As a nation we love fireworks but with this love comes great responsibility. This responsibility is something that we have tried to instill in Leo from a young age. No matter how fun and beautiful fireworks are, they aren't toys and should be treated accordingly. Fireworks are dangerous, they have the power to damage and destroy, but of course they are enjoyable and we want the occasions that fireworks are involved to be special, but we want them first and foremost, be safe.

As the start of the season is upon us, I thought now was a great time to run through some points on how to make the very most of firework displays and of course enjoy them in a safe environment. Especially if you are putting on your very own firework display from home.

The Life and Times of the Working Mum's Firework Buying Guide

First things first...
Choose which type of fireworks you want
Always sore fireworks safely, away from naked flames and water.
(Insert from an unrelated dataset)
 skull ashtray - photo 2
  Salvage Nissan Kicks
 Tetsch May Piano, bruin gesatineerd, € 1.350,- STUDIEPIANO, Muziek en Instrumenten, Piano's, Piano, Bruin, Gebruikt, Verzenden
Always read the instructions carefully before using them.

There are such a wide variety of different fireworks and it is important to be familiar with what you are purchasing:
- Sparklers: A firm favourite with the young and the young at heart. Supervision is required at all ties and really shouldn't be used by a child under the age of five, and even then gloves should be worn to protect their hands, as sparklers can reach temperatures of up to 2000°C.

Fountain: A ground-based firework, which emits showers of crackling, glittering sparks and light effects that can reach up to 6 metres (20ft).

- Mine: A spectacular explosion of colours and effects, starting with a ground level fountain, which builds up to a sudden, unexpected burst of aerial plumes and stars.

- Roman candle: Roman candle fireworks shoot out a brilliant array of stars, coloured balls, bangs and flashes.

- Rocket: An aerial firework, which is propelled into the sky by a rocket motor, leaving a trail of stars and finishing with a delightful burst.

- Shot tube: Single shot Roman candles that create big starbursts and crackles with a glittering tail.

- Cake: cake fireworks are essentially a group of multi-shot Roman Candles fused together, making them fire in rapid succession to create a vibrant aerial firework display by lighting a single fuse.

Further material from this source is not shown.